#### [EXERCISE DATA]

****************************************

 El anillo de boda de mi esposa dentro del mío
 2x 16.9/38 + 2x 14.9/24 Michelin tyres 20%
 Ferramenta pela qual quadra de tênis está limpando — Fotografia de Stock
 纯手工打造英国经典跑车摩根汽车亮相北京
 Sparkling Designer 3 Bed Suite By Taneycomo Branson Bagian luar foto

****************************************

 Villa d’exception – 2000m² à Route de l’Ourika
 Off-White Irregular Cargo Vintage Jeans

****************************************

Every line above from the line with "El anillo de" to the line with "Sparkling Designer 3", both included, must be reproduced exactly, and no other line may appear.

#### [RESULT BELOW]
 El anillo de boda de mi esposa dentro del mío
 2x 16.9/38 + 2x 14.9/24 Michelin tyres 20%
 Ferramenta pela qual quadra de tênis está limpando — Fotografia de Stock
 纯手工打造英国经典跑车摩根汽车亮相北京
 Sparkling Designer 3 Bed Suite By Taneycomo Branson Bagian luar foto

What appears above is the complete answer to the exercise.